## About this task:
Reproduce exactly the lines from the one containing "Personalised Faux Leather" through the end of the entries, including both. Drop the pictures.

(Captioned web image data)
++++++++++++++++++++

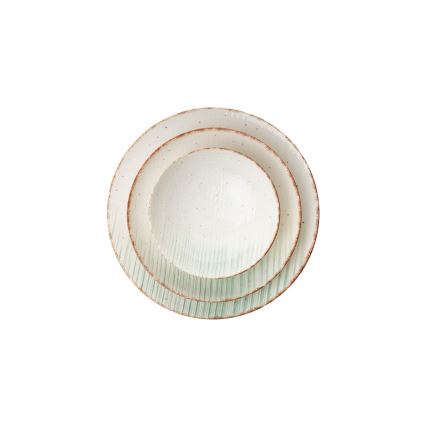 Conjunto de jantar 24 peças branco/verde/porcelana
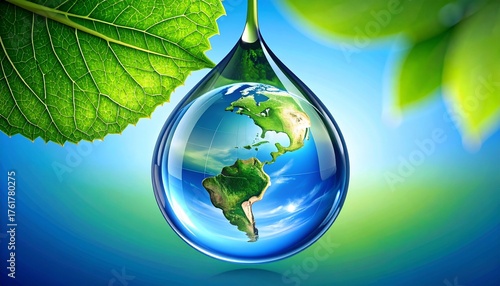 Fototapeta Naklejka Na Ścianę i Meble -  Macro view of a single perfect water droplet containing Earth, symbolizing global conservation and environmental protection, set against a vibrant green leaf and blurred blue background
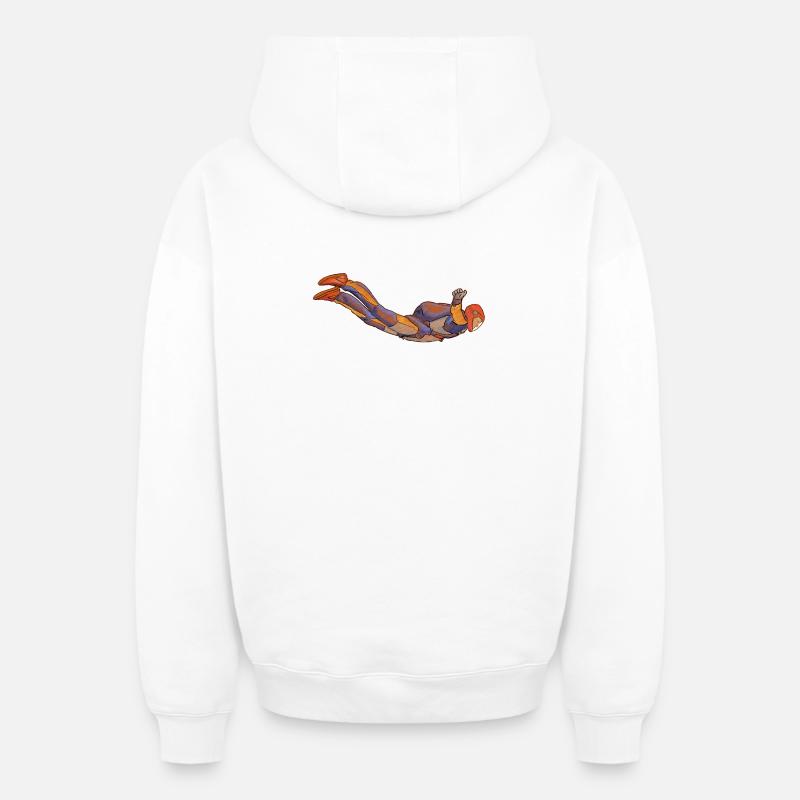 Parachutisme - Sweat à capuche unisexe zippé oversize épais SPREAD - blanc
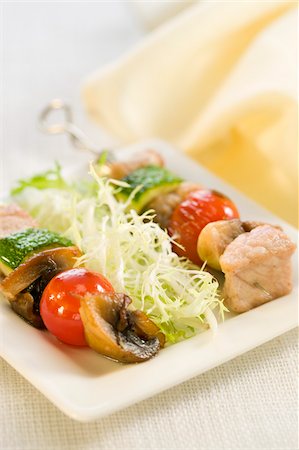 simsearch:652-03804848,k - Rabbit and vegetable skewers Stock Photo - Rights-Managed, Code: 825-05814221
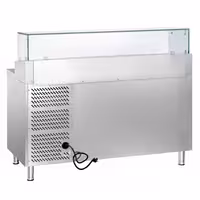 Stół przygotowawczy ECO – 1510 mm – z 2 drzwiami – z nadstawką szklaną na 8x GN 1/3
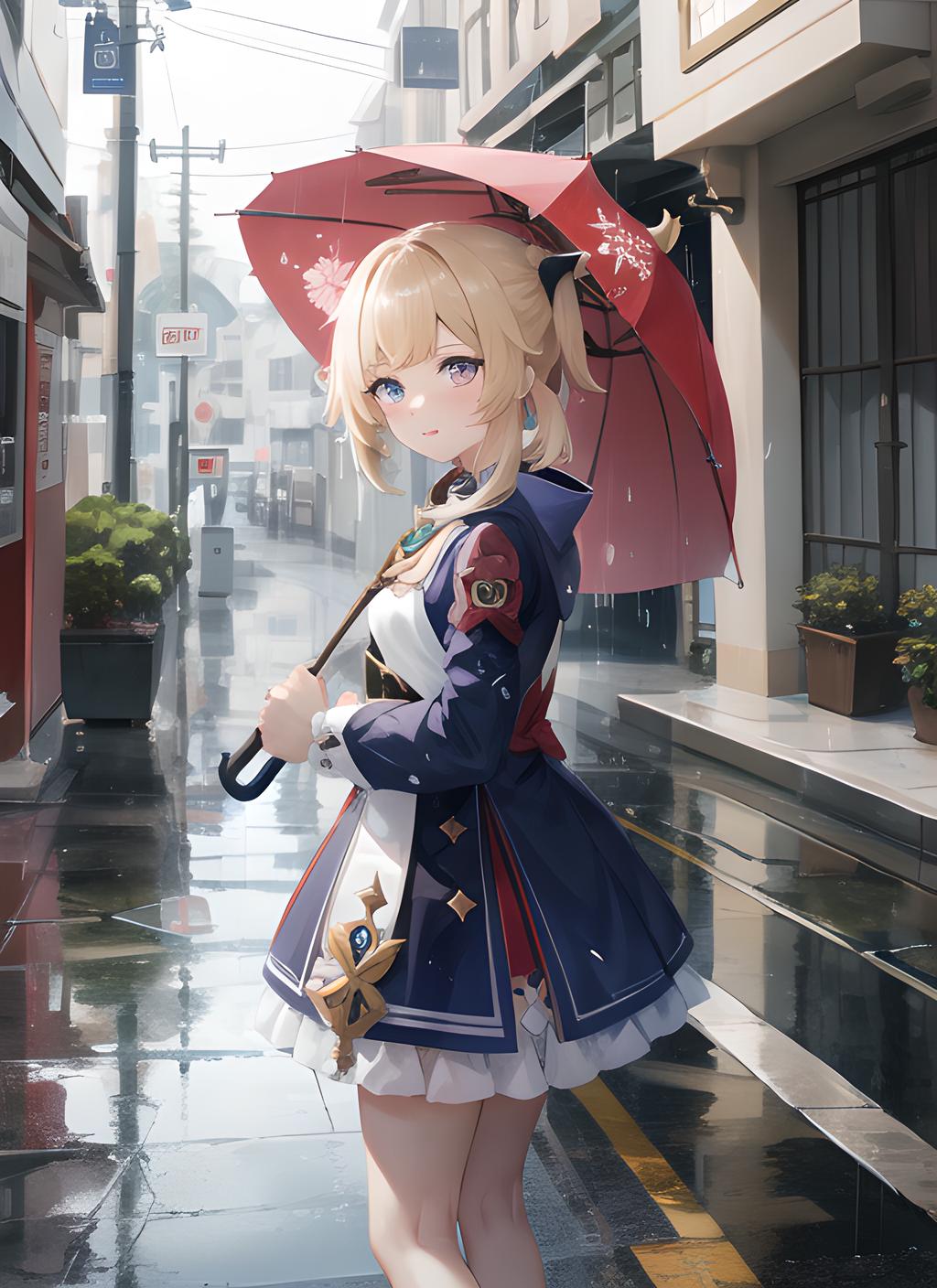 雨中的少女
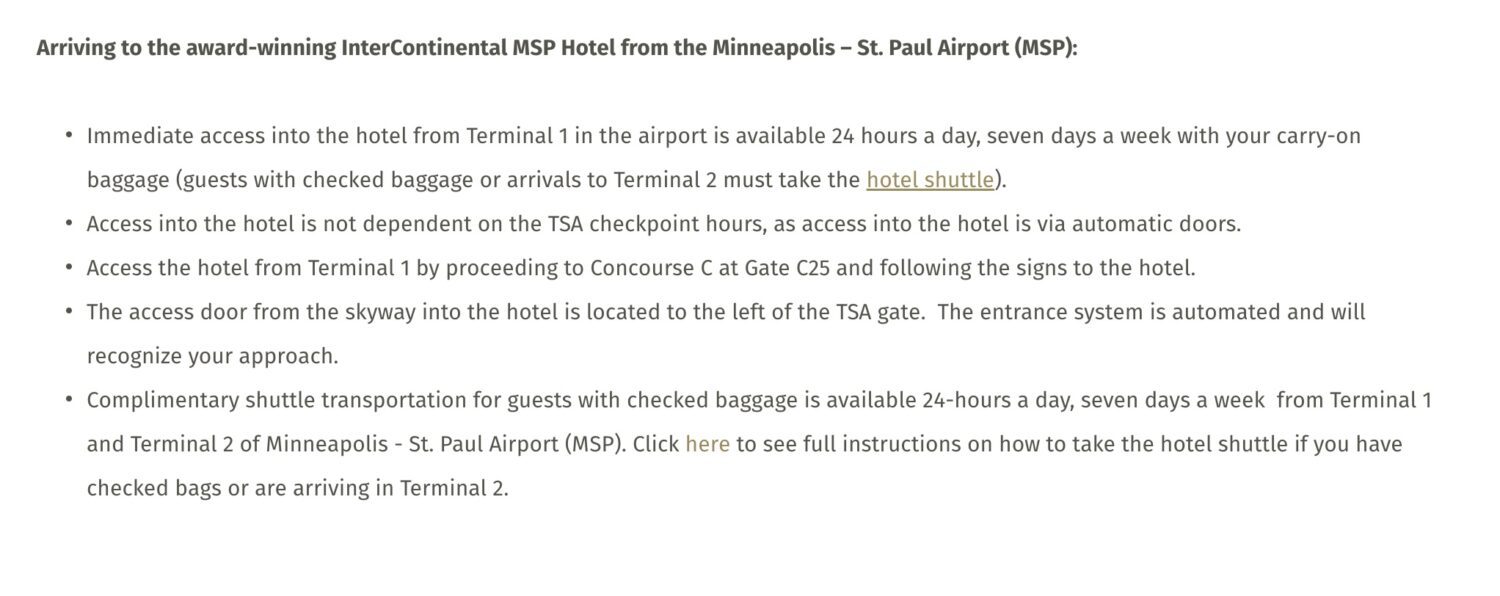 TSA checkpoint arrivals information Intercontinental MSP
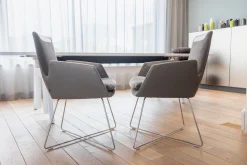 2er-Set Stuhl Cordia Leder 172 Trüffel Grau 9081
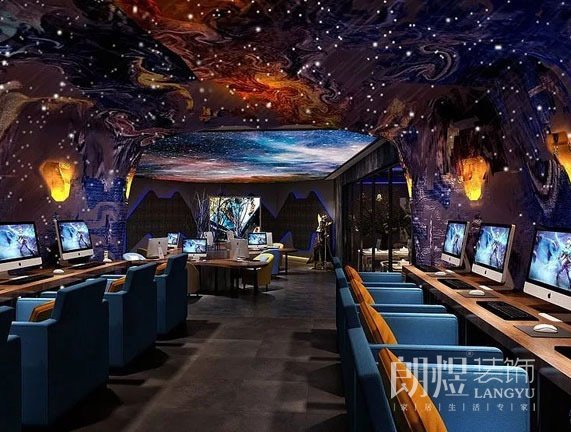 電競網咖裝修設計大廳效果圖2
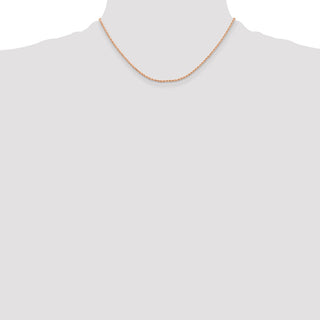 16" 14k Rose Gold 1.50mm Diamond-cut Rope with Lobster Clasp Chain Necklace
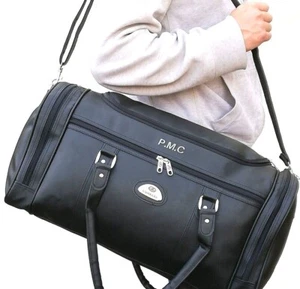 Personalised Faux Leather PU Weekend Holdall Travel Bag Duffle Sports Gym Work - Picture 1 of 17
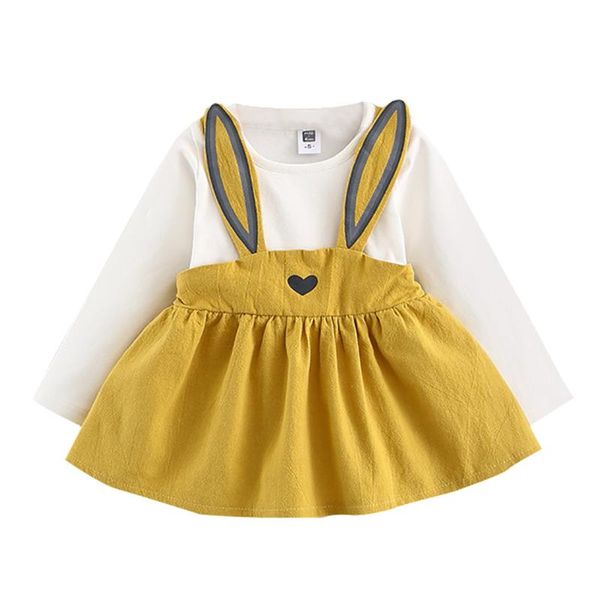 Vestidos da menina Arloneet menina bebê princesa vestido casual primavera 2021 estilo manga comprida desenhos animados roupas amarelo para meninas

++++++++++++++++++++

## Answer section:
 Personalised Faux Leather PU Weekend Holdall Travel Bag Duffle Sports Gym Work - Picture 1 of 17
 Vestidos da menina Arloneet menina bebê princesa vestido casual primavera 2021 estilo manga comprida desenhos animados roupas amarelo para meninas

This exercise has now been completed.